4. She was deeply influenced by nature through her father - Her father was a botanist, and this exposure nurtured her lifelong fascination with organic forms and natural structures.
5. She admired Auguste Rodin - Latika Katt drew inspiration from Auguste Rodin, especially his emphasis on realism and emotional intensity in sculpture.
6. She often sculpted people she knew - Instead of anonymous models, many of her works were based on friends, family, and students, giving her sculptures a deeply personal quality.
7. She studied human anatomy in an unusual way - She closely observed dead bodies, skin, and bone structures to better understand form and realism in her sculptures.
8. She was fascinated by insects and natural systems - Latika Katt studied termites and bees, intrigued by their structures and collaborative systems, which influenced her artistic thinking.

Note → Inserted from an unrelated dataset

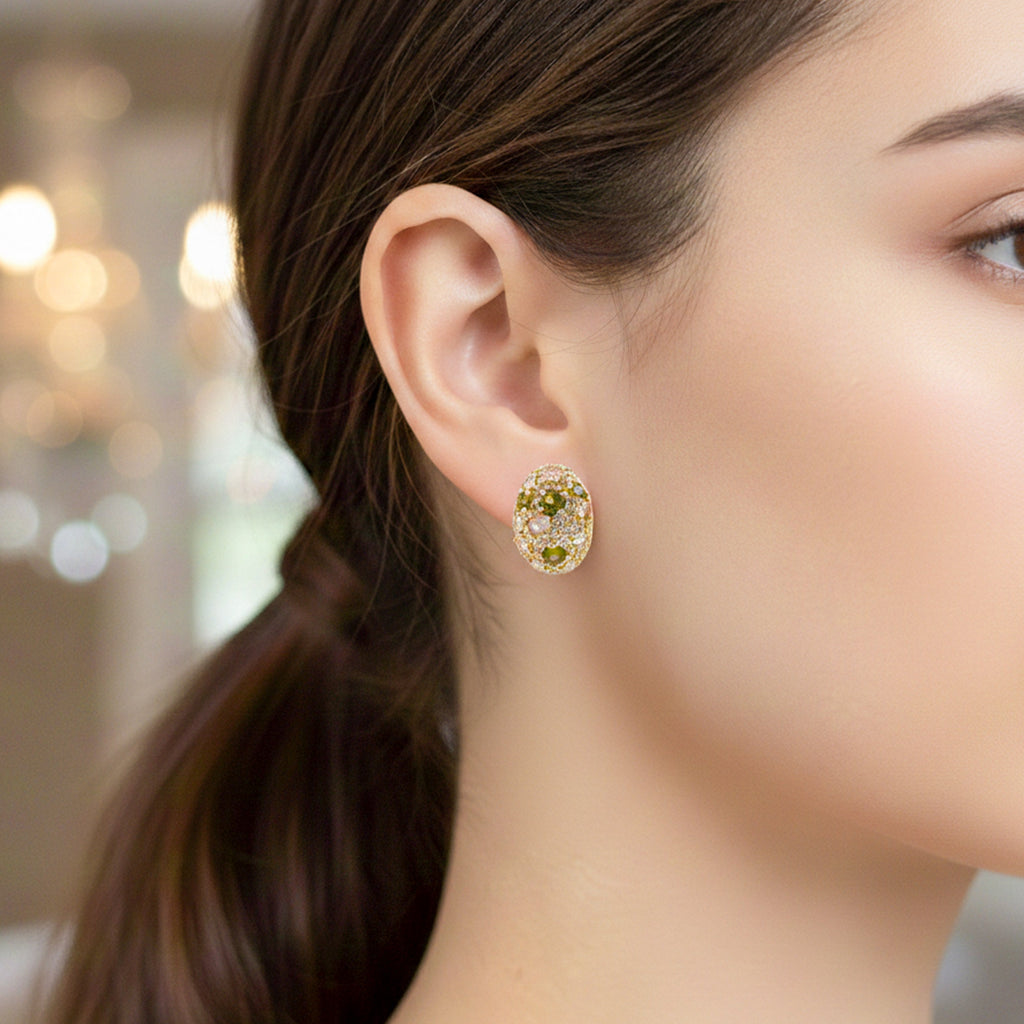 Spark Oval Stud Earrings GWE -124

9. She treated sculpture as a physical act - She believed sculpting required full bodily engagement. For her, working with clay or wood meant “poking, scraping, kneading,” making the body part of the creative process.
10. She meticulously studied sites before creating public works - Before installing large sculptures, she would analyze wind direction, perspective, and even underground conditions, sometimes digging deep to understand the space.
11. She divided her life between Delhi and Varanasi - Her artistic sensibility was shaped by both urban and spiritual environments, especially Varanasi, which influenced many of her works.
12. She preferred sculpture over painting early on - She felt painting was “too simple” and lacked physical engagement, while sculpture demanded a deeper, tactile interaction with materials.